=== Section Start ===

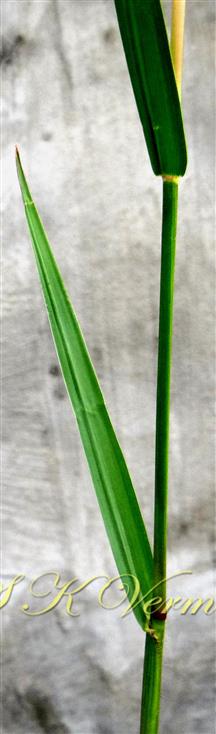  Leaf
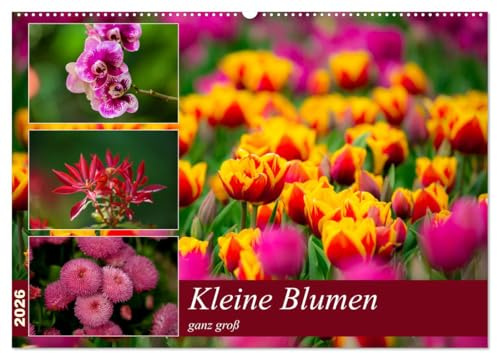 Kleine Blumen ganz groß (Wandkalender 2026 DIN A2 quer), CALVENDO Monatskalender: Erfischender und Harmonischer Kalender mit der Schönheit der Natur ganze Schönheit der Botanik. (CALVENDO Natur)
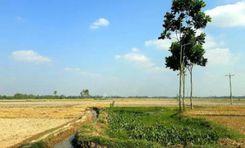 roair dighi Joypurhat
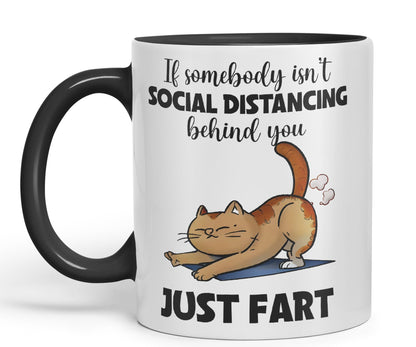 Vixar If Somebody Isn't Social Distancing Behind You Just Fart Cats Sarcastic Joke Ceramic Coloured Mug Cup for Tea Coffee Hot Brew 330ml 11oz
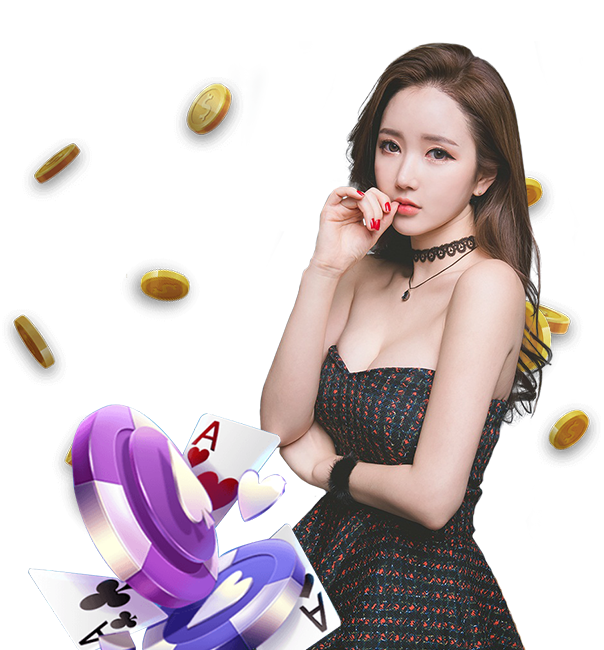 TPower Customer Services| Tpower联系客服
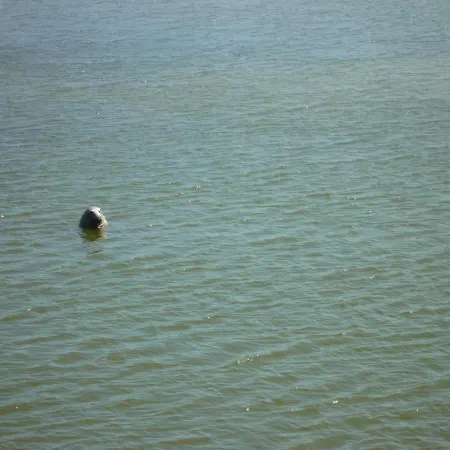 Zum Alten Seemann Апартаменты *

=== Section End ===
=== Section Start ===

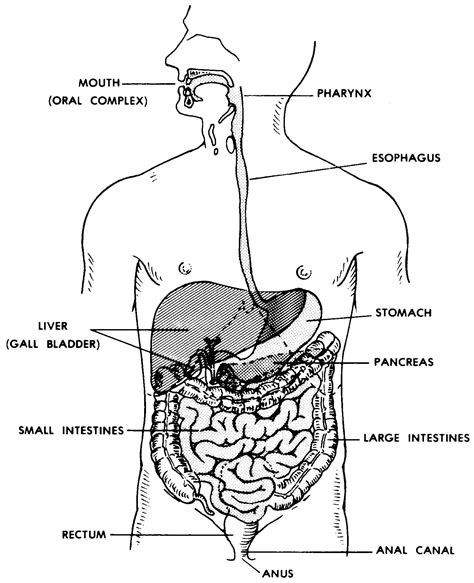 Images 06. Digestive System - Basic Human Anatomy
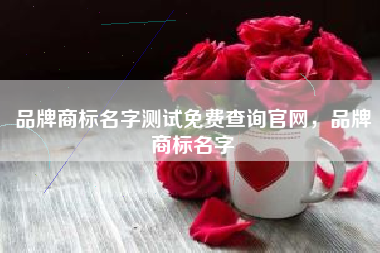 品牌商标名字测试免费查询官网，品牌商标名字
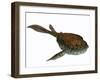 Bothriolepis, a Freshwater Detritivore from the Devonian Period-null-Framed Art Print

=== Section End ===

- _REQUIRED ACTION_: In the records above, everything from the line with "Vixar If Somebody" down to the line with "Zum Alten Seemann Апартаменты *" must be duplicated exactly, both lines kept. Leave no pictures in.

- _RESPONSE BOX_:
 Vixar If Somebody Isn't Social Distancing Behind You Just Fart Cats Sarcastic Joke Ceramic Coloured Mug Cup for Tea Coffee Hot Brew 330ml 11oz
 TPower Customer Services| Tpower联系客服
 Zum Alten Seemann Апартаменты *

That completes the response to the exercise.